The PDF below is a discussion that I had presented to Dr. Roman Yampolskiy‘s CyberSecurity Lab at the University of Louisville.  Though this topic has little to nothing to do with cyber-security, it raised a lot of interesting questions and provided insightful suggestions from the audience.  Two questions that were raised during the presentation but was unable to answer at the time will be answered in this blog entry.  The second question goes into brief detail on how the Markov Decision Process (MDP) works.

What additions to Computer Science and Computational Music does you work bring to the fields?

Yes, much of my work is not new to this field.  I am a Masters student and my thesis does not need to provide conclusively new work to the field.  However, despite this, a portion of my work is new to both Computer Science and Music Theory in general.  My work on the chord progression algorithm using Markov Decision Processes would help to solidify Dr. Dmitri Tymoczko’s recent development of Geometric Music theory (more on his website:  http://www.music.princeton.edu/~dmitri/).

It does this by showing that the decision making process that composers go through can be replicated through complex decision making algorithms such as the Markov Decision Process discussed in this presentation.  I have also seen very little research in the use of MDPs in algorithmic music generation.

Why did you decide to use Markov Chains for your thesis?  This has been tried and was moved away from because it wasn’t robust enough to capture chord progressions.

I think you are confusing the Markov Decision Processes.  The Markov Decision Process has very little to do with Markov Chains.  A Markov Decision Process is a mathematical framework for decision making in situations which are partially stochastic (random) and partially under the control of a decision maker.
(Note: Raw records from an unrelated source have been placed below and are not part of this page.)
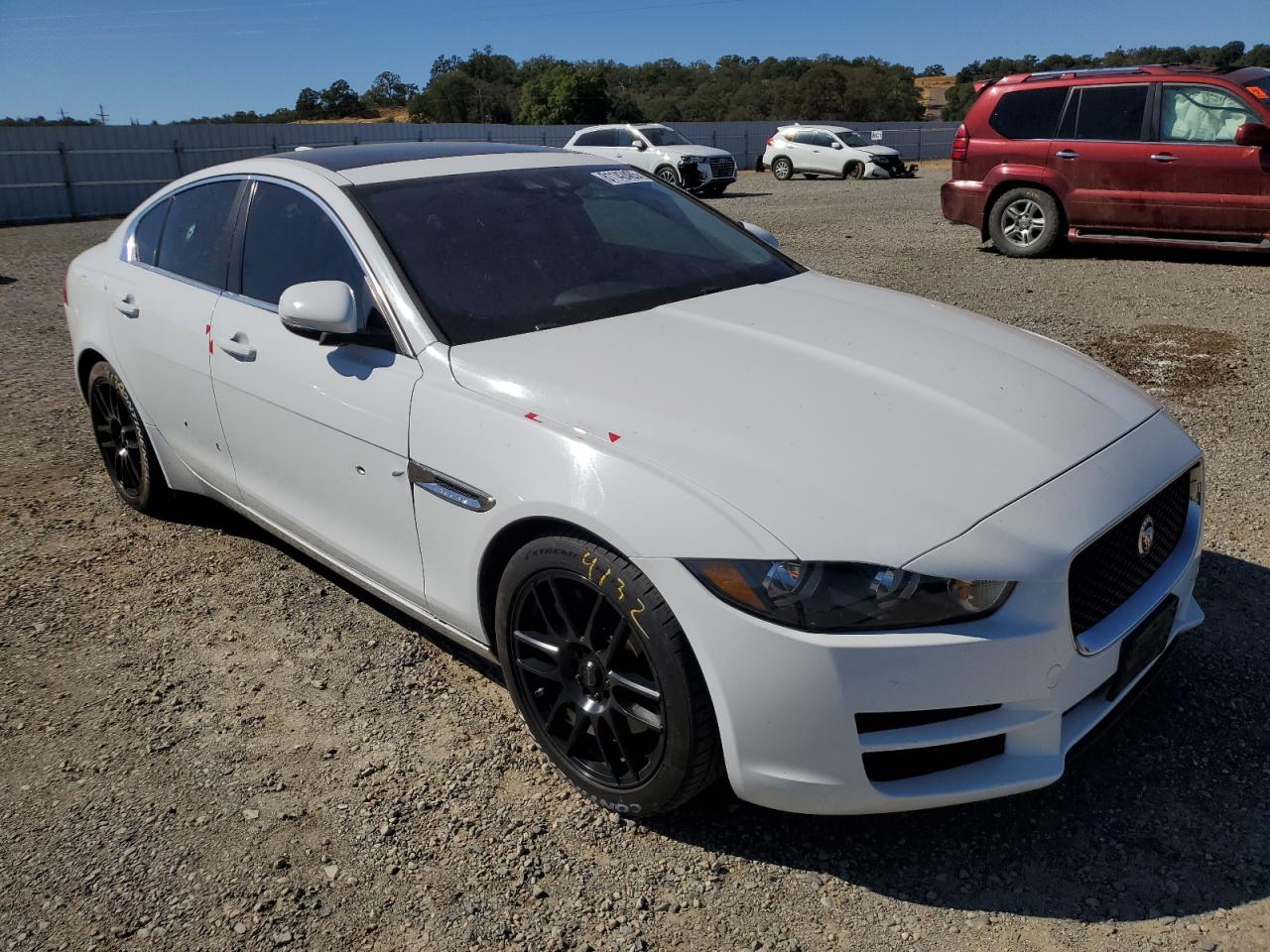 JAGUAR XE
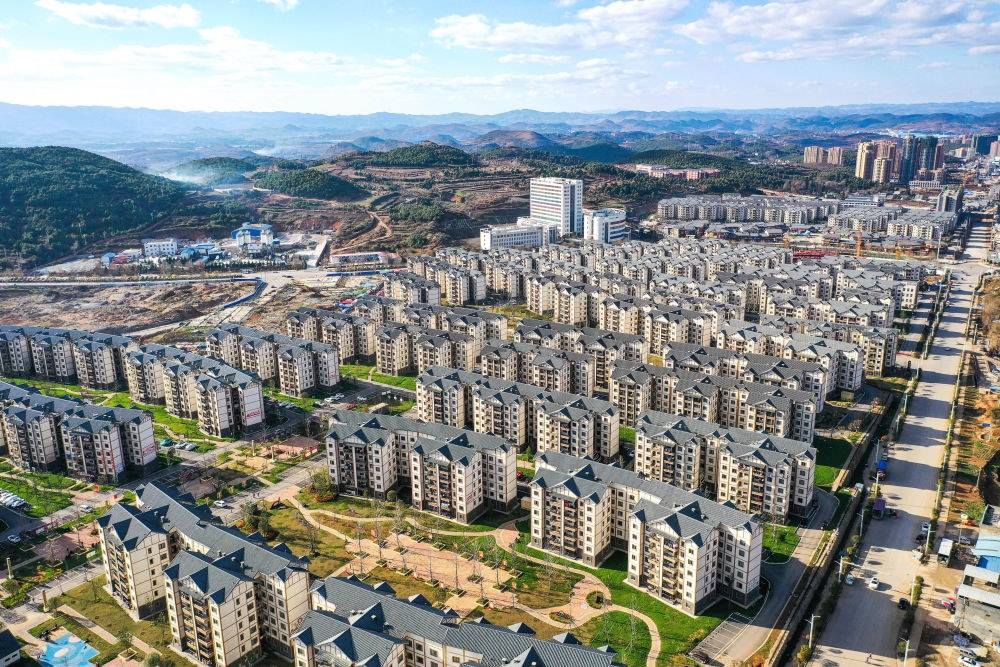 貴州省威寧縣五里崗街道朝陽新城易地扶貧搬遷安置小區(qū)（2021年11月28日攝，無人機照片）。新華社記者 楊文斌 攝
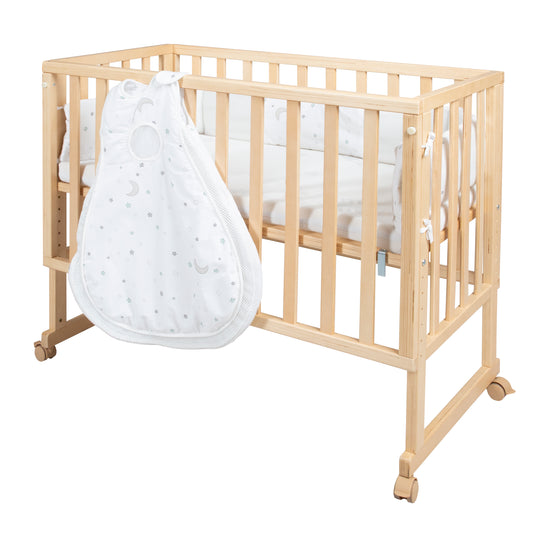 Stubenbett 'safe asleep®' 3 in 1, 'Sternenzauber', Beistellbett, Babybett & Bank, natur, inkl. Zubehör – Freisteller (1/11)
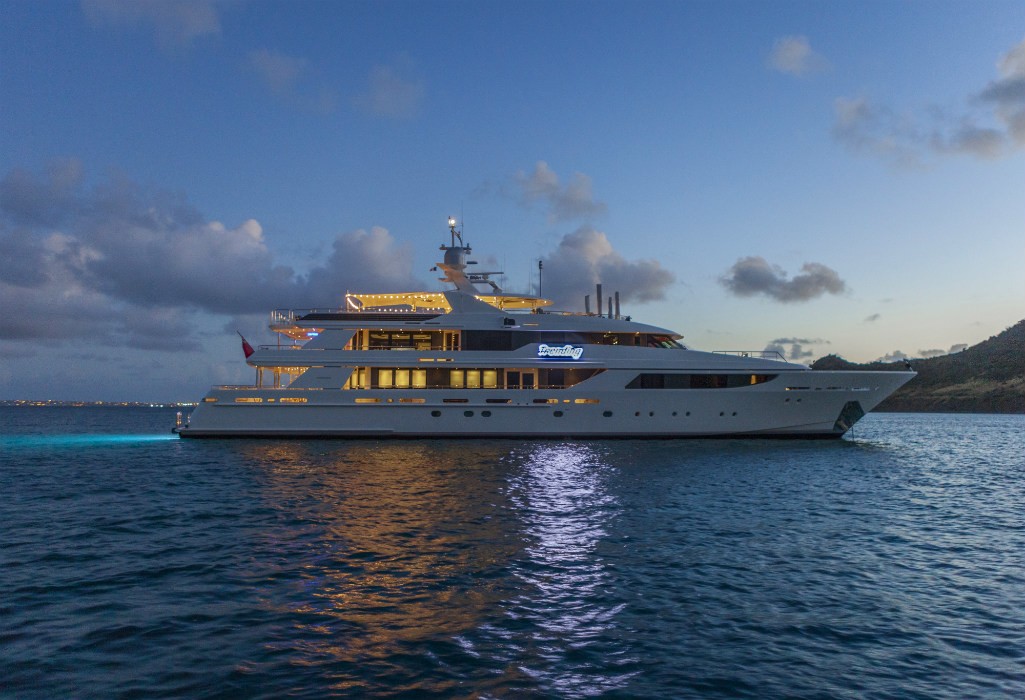 [49m-Yacht-TRENDING]-10486-123.jpg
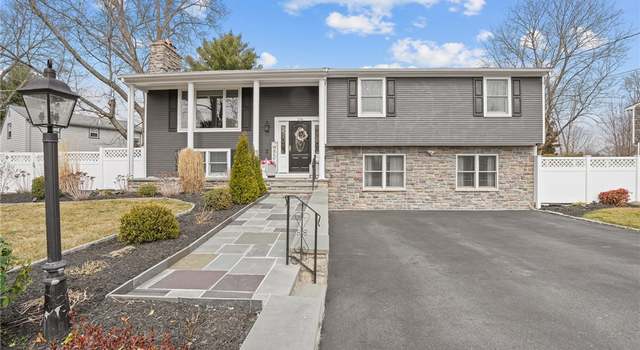 Photo of 136 Honeysuckle Rd, Warwick, RI 02888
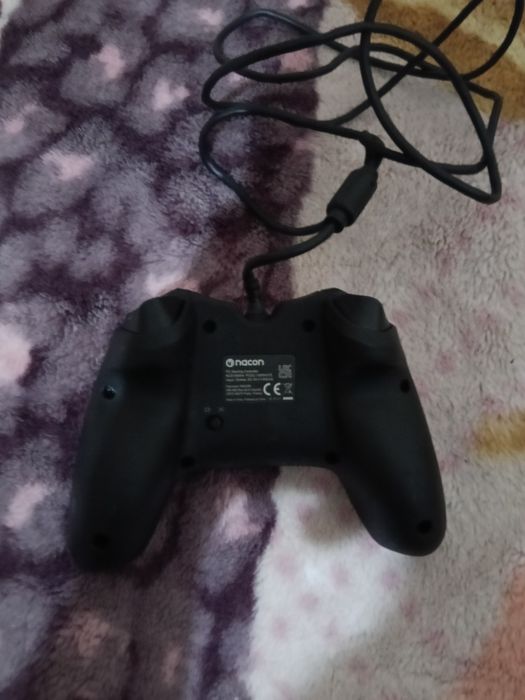 Vând Controler,stare perfectă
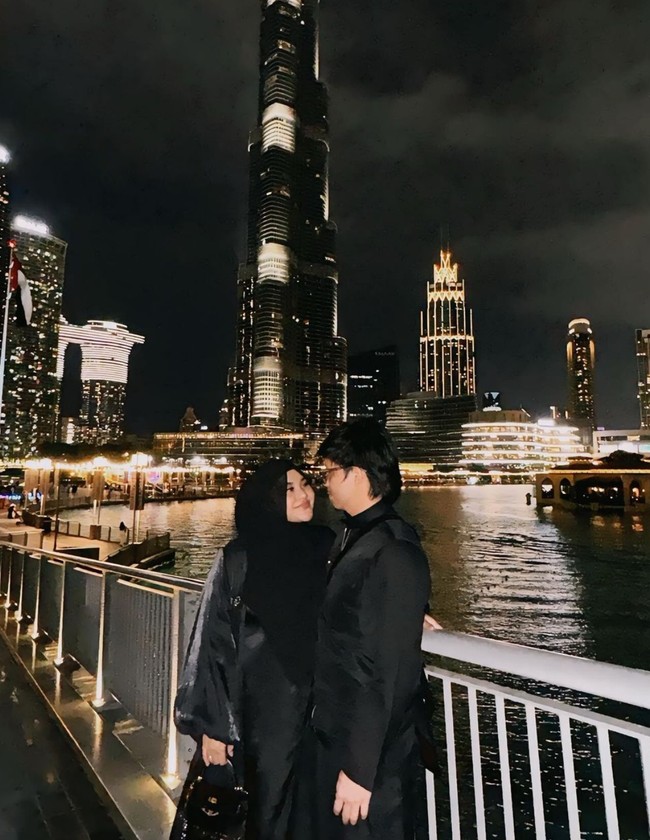 Setelah menunaikan ibadah umroh di Tanah Suci, Atta dan Aurel kembali melanjutkan perjalanan mereka dengan mengunjungi Dubai. Tak hanya sekedar berlibur, kunjungan Atta dan Aurel ke Dubai sekaligus untuk merayakan anniversary pernikahan mereka yang ke-3. Foto: Instagram/@attahalilintar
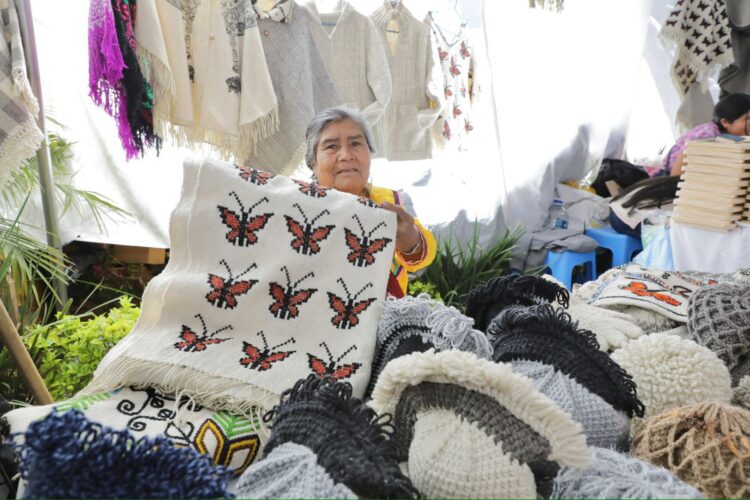 Este domingo siete, el último día del Tianguis Artesanal de Uruapan 2024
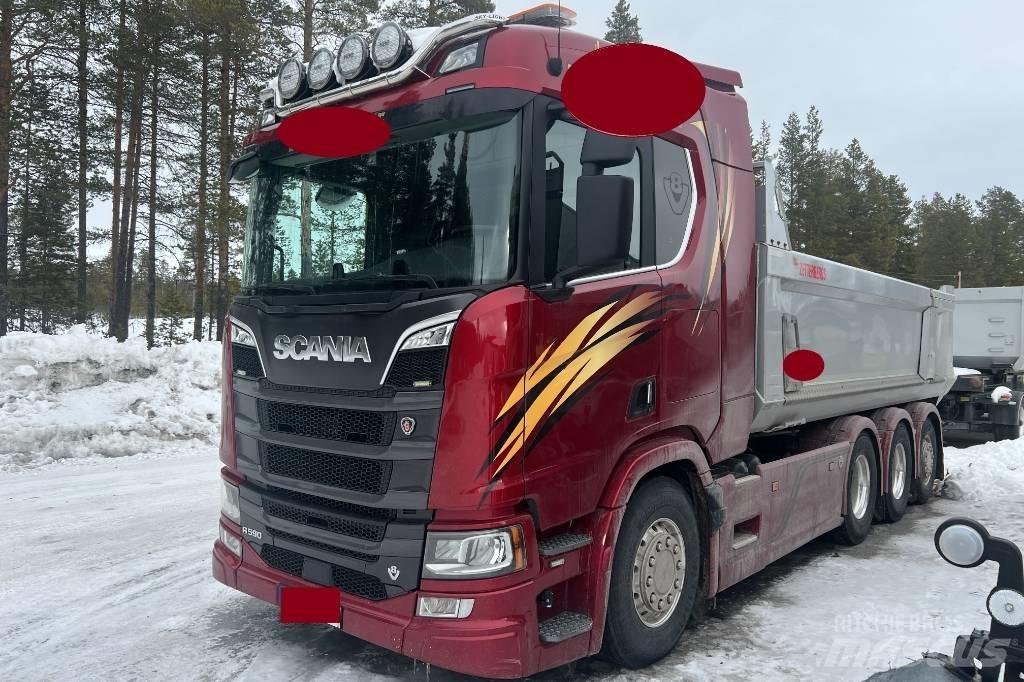 Scania R 590 Savivarčių priekabų vilkikai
If you are familiar with Chord Progressions, you know that there is an ultimate goal in mind but in most music the way that you reach that goal is not explicitly defined; there are exceptions in Blues and Rock where the I-iv-V and I-ii-V progressions prevail.  Since Dr. Tymoczko’s geometric model for chord progressions captures the implicit definition of movement of chords in the progression, we can weight certain chords as a goal that we want to reach and use MDPs to decide on the best path that would maximize utility in the model.  By doing this, we leave a bit of the randomness in the chord progressions, keep the implicit definition of chords through Dr. Tymoczko’s model, and allow the decision maker (the computer) the ability to decide where to go given its current location.

This is different from Markov Chains, where we would define a limited set of actions and make probabilistic movements to one or the other leaving most of the model as stochastic.  This would be similar to Xenakis’ work in stochastic music, which is respectable in its own right.  However, I am attempting something far different than stochastic music.  My hope is that I will be able to define tonality in chord progressions as both a complex decision process and through Dr. Tymoczko’s work in Geometric Music Theory.